Il sito di Sky News Arabiya, citando proprie fonti e documenti, descrive il padre del kamikaze come un elemento vicino ad Al Qaeda. “Secondo le nostre informazioni”, Abu Ismail è stato “un componente del Libyan Fighting Group“, organizzazione islamica armata nata nel 1995 per combattere il regime di Muammar Gheddafi, coinvolta nella guerra civile libica del 2011 e per lungo tempo legata all’organizzazione di Osama bin Laden. Nel fornire altre indicazioni su appartenenza politica e amicizie dell’uomo, l’emittente di Abu Dhabi sostiene inoltre che “queste informazioni combaciano con quelle di un documento, di cui una copia è stata ottenuta da Sky News Arabiya, che fa parte dei registri dell’organismo per la sicurezza dello Stato libico nei quali venivano registrate le persone ricercate sotto il regime di Gheddafi. Lì “i servizi di sicurezza libici” lo avevano “classificato fra gli elementi di Al Qaeda”.

“Politicamente”, l’uomo aderisce al “partito Al-Umma” di Sami al-Saadi, detto “Abu El-Monzer“, anch’egli tra i leader del Libyan Islamic Fighting Group“. Ramadan Abedi inoltre “è considerato un amico intimo di Suhail Al Sadiq Al Ghariani, figlio del silurato muftì libico che esorta a combattere l’Esercito libico” del generale Khalifa Haftar “e incita al terrorismo”. Un legame suggerito su Twitter anche da Mohamed Eljarh, analista libico che lavora anche per l’Atlantic Council: “Molti islamisti libici, in particolare del Lifg, che sono fuggiti dal regime di Gheddafi hanno trovato rifugio nel Regno Unito e Manchester è un centro importante per loro”.
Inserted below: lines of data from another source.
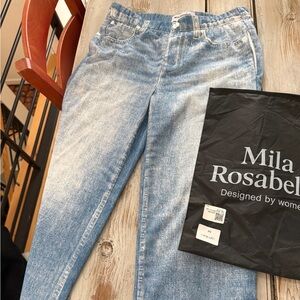 Light Blue Women's jeans “sweatpants”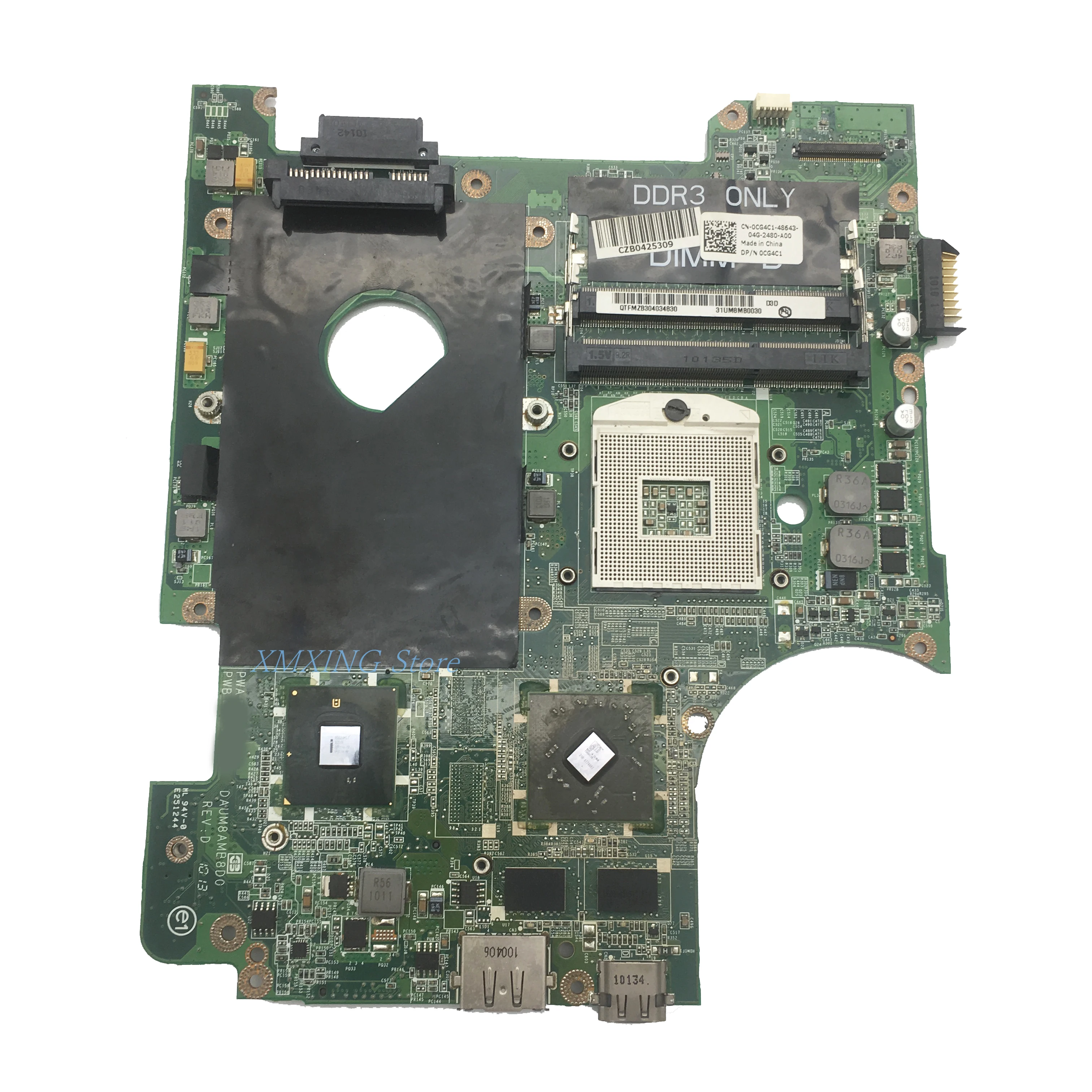 FULCOL For DELL Latitude 14R N4010 Laptop Motherboard CN-0CG4C1 0CG4C1 0CG4C1 Tested 100% work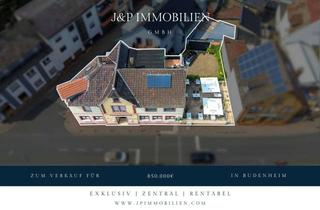 Anlageobjekt in 55257 Budenheim, Attraktive Kapitalanlage in bester Innenstadtlage von Budenheim mit zusätzlichem Bauplatz!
Il contesto nel quale nel nord dell’Inghilterra proliferano gli ambienti estremisti lo descrive il Libya Herald. Manchester, ricorda il quotidiano – le cui fonti descrivono Ramadan Abedi come un “federalista della Cirenaica”, ma non noto per essere un estremista – è nota per ospitare una delle più grandi comunità di libici espatriati: secondo alcune stime, dei 2,5 milioni di abitanti di Greater Manchester (dove viveva il presunto attentatore) 300mila sono musulmani e circa 16mila libici. “Sentire che i responsabili dell’attacco sono libici non è stata una sorpresa – ha spiegato al quotidiano Reda Fhelboom, giornalista libico che ha vissuto per anni a Manchester – perché ci sono molti estremisti libici che vivono lì”.

Dove, fino a pochi anni fa, ha vissuto un pezzo da 90 del terrorismo internazionale: Abu Anas al Libi, anch’egli libico, considerato legato ad ambienti di Al Qaeda fin dalla sua nascita nel 1994. Catturato a Tripoli il 5 ottobre 2013 dalle forze speciali Usa e morto oltreoceano il 3 febbraio 2015, al Libi aveva vissuto per anni nella città inglese, dopo che il Regno Unito gli aveva concesso l’asilo politico nel 1995 in seguito alla fuga dal Sudan che lo braccava su richiesta di Gheddafi. Nel 2000 sul suo computer la polizia aveva rinvenuto un file in seguito ribattezzato “manuale di Manchester“, 180 pagine contenenti istruzioni per combattere la Jihad, e dopo l’11 settembre si era guadagnato un posto sulla lista dei Most Wanted Terrorists dell’Fbi. Indicato tra gli autori delle stragi del 1998 a Nairobi in Kenya e a Dar Es Salam in Tanzania, era stato arrestato nel 1999 dalla polizia inglese ma poi rilasciato, fatto che gli aveva permesso di lasciare il Paese.